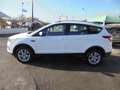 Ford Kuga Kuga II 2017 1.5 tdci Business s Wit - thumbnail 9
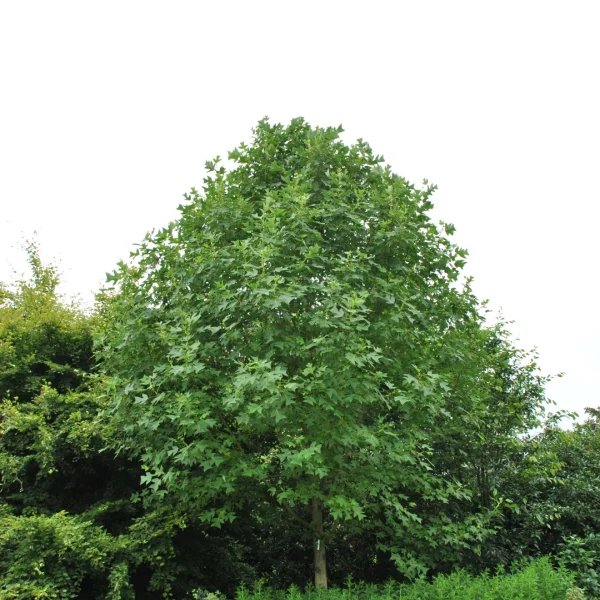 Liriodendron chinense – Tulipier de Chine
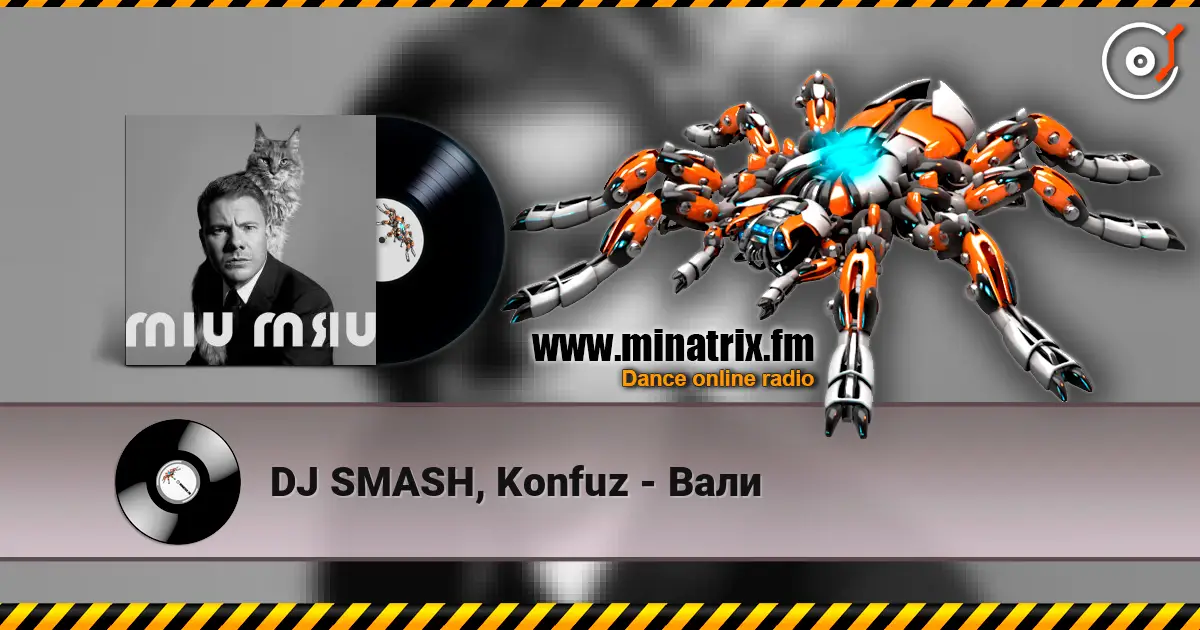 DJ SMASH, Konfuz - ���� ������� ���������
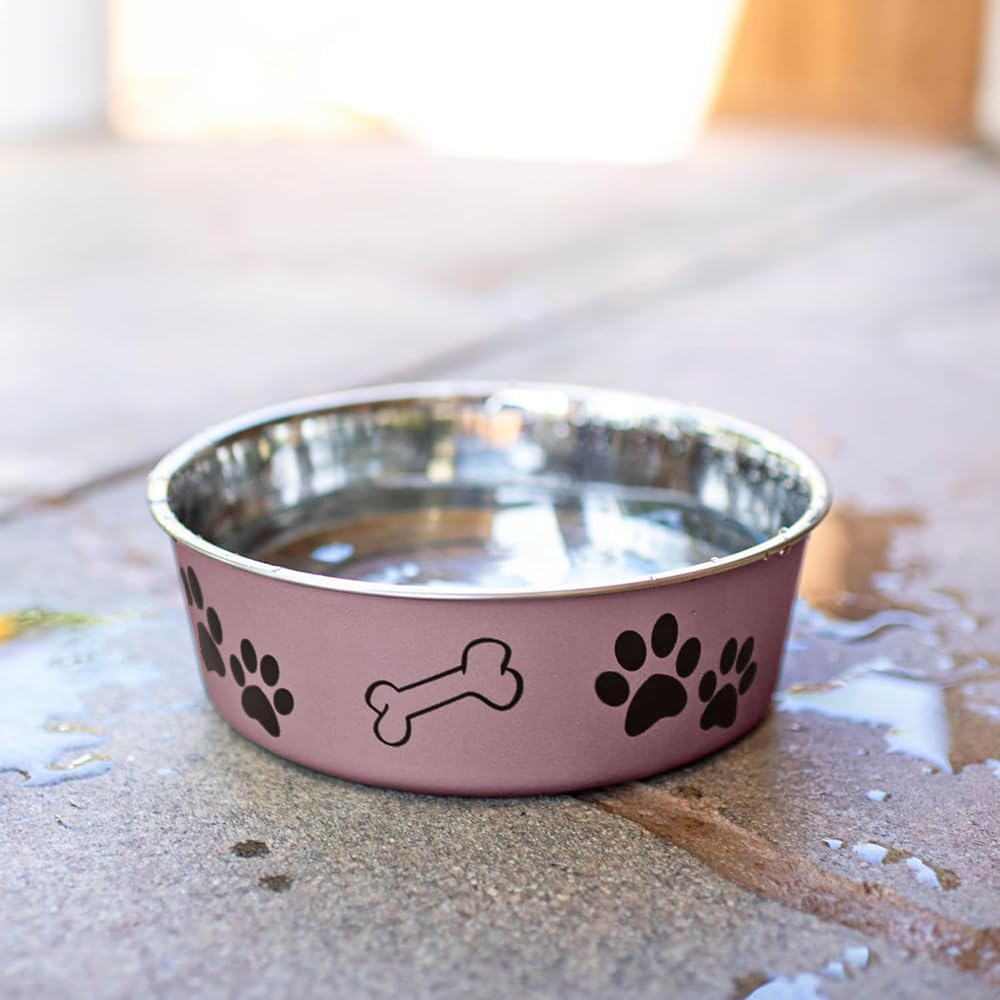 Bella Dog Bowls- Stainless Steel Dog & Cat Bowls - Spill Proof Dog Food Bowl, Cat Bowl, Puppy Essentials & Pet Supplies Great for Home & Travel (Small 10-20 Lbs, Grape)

● **TASK OBJECTIVE**:
Leave every picture out and write out exactly the lines from the line with "Liriodendron chinense – Tulipier de Chine" through the last line of the material.

● **REPLY**:
 Liriodendron chinense – Tulipier de Chine
 DJ SMASH, Konfuz - ���� ������� ���������
 Bella Dog Bowls- Stainless Steel Dog & Cat Bowls - Spill Proof Dog Food Bowl, Cat Bowl, Puppy Essentials & Pet Supplies Great for Home & Travel (Small 10-20 Lbs, Grape)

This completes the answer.